§ **Exercise directions**
Please transcribe all of the records precisely.

§ **Listed records**
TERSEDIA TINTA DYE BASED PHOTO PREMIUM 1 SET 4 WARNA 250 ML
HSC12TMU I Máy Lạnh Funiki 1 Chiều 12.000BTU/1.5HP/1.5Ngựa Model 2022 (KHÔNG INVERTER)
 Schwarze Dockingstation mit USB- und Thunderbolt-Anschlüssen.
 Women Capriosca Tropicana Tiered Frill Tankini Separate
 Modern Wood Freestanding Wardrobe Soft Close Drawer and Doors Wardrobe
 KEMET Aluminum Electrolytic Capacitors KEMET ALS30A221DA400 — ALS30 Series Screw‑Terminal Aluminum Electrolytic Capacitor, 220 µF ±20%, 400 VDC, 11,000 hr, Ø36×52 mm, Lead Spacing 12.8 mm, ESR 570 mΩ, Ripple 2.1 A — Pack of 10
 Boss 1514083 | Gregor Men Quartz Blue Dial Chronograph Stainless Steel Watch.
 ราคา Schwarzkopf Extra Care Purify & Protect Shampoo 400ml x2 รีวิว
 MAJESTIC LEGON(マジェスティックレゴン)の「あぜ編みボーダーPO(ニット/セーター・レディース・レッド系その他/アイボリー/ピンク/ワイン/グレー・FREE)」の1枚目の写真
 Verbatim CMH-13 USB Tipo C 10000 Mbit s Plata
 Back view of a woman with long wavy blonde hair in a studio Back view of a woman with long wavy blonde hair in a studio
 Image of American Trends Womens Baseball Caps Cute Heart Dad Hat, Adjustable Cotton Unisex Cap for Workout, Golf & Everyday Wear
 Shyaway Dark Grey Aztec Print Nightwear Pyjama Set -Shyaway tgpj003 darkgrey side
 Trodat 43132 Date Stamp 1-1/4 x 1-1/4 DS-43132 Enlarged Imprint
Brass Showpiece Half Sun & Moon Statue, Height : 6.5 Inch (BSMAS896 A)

§ **Exercise response**
TERSEDIA TINTA DYE BASED PHOTO PREMIUM 1 SET 4 WARNA 250 ML
HSC12TMU I Máy Lạnh Funiki 1 Chiều 12.000BTU/1.5HP/1.5Ngựa Model 2022 (KHÔNG INVERTER)
 Schwarze Dockingstation mit USB- und Thunderbolt-Anschlüssen.
 Women Capriosca Tropicana Tiered Frill Tankini Separate
 Modern Wood Freestanding Wardrobe Soft Close Drawer and Doors Wardrobe
 KEMET Aluminum Electrolytic Capacitors KEMET ALS30A221DA400 — ALS30 Series Screw‑Terminal Aluminum Electrolytic Capacitor, 220 µF ±20%, 400 VDC, 11,000 hr, Ø36×52 mm, Lead Spacing 12.8 mm, ESR 570 mΩ, Ripple 2.1 A — Pack of 10
 Boss 1514083 | Gregor Men Quartz Blue Dial Chronograph Stainless Steel Watch.
 ราคา Schwarzkopf Extra Care Purify & Protect Shampoo 400ml x2 รีวิว
 MAJESTIC LEGON(マジェスティックレゴン)の「あぜ編みボーダーPO(ニット/セーター・レディース・レッド系その他/アイボリー/ピンク/ワイン/グレー・FREE)」の1枚目の写真
 Verbatim CMH-13 USB Tipo C 10000 Mbit s Plata
 Back view of a woman with long wavy blonde hair in a studio Back view of a woman with long wavy blonde hair in a studio
 Image of American Trends Womens Baseball Caps Cute Heart Dad Hat, Adjustable Cotton Unisex Cap for Workout, Golf & Everyday Wear
 Shyaway Dark Grey Aztec Print Nightwear Pyjama Set -Shyaway tgpj003 darkgrey side
 Trodat 43132 Date Stamp 1-1/4 x 1-1/4 DS-43132 Enlarged Imprint
Brass Showpiece Half Sun & Moon Statue, Height : 6.5 Inch (BSMAS896 A)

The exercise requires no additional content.